Gülben Ergen’den Zeynep Bastık’a...

Neyse konumuz pazar akşamı yaptıkları Bayram Özel yayını... “Helal olsuuuuuunnn” diyorum. Çünkü bu ülkede yayın yapan TRT 1, Show TV, atv, Kanal D, TV8, Star TV ve Fox TV gibi 7 büyük televizyon kanalı 70 gündür karantinada olan, bu bayramda sokağa çıkma yasağı nedeniyle ilk defa ailesinden uzak kalan ve depresyonun eşiğindeki Türk halkına, tekrar diziler ve filmler, eski programlarla hiç önem vermeyerek, en önemli görevi olan eğlendirmeyi de unuttu.

Evde canları sıkılan iki arkadaşın “Birlikte eğlenelim” diye başlattıkları Instagram canlı yayınında ise bize adeta eski bayramların tadını yaşattılar.
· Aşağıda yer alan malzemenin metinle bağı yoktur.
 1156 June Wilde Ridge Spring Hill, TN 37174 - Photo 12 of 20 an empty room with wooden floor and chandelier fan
Kimler gelip şarkı söylemedi ya da dans etmedi ki Mücbir Sebepler Bayram Özel’in bir saatlik yayınında... Sarp Apak, Zeynep Bastık, Evrencan Gündüz, Gülben Ergen, Kuşum Aydın, İrem Derici, Edis, Şebnem Bozoklu, Ezgi Mola, Enis Arıkan, Boran Kuzum, Meriç Aral, Serkan Keskin, İlhan Erşahin, Gülinler, oryantal Didem, Azeri şarkıcı Günel, Fırat Çelik ve yeğeni Ozi, Alican Yücesoy, Hasibe Eren ve Hazal Kaya... Üstelik herkes şarkının yarısında atılacağını bile bile süslenmişti. Burada mesele Bartu ve Melikşah’a övgü değil, onların ve katılanların izleyiciye gösterdiği saygı...
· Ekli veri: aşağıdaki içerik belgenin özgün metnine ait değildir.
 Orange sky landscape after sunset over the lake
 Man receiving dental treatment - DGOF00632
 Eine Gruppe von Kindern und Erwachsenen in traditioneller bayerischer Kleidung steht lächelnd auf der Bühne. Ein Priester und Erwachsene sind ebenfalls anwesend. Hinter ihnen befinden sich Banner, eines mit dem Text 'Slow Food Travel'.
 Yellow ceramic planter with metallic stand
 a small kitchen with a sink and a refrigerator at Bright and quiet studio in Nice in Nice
Küçük esnafa yayını açtılar

Melikşah’ın tabiriyle hiç hazırlanmadıkları ve ünlülere sırtlarını dayadıkları bu yayınla bile gözümden yaşlar gelene kadar güldüm ve evdeki hapis hayatımı unuttuğum akşamlarımdan biriydi. Ama bence yaptıkları en şık hareket bu değildi. Her akşam reklam almalarına rağmen bayram yayınında bir markayla anlaşma yapmayıp “Küçük esnafa yayınımızı açıyoruz” dediler ve yayın boyunca isteyen herkes markasını tanıttı. Bir sürü markanın da adını okudular. Bu o kadar şık bir hareketti ki, herkesin umudunu kaybettiği böylesine zorlu bir dönemde siz iki arkadaş eğlenmediniz, izleyicilere neşe verip Türk televizyonculuğunun eski ve yok yok demekten başka bir şey bilmeyen bakış açısına, otoritenin her an izlendiğimizi hatırlattığı, korkuttuğu ve her şeye müdahale ettiği bir duruma tepkinizi koyarak bir sistemin sonunu getirmek için adım attınız, bilmem farkında mısınız?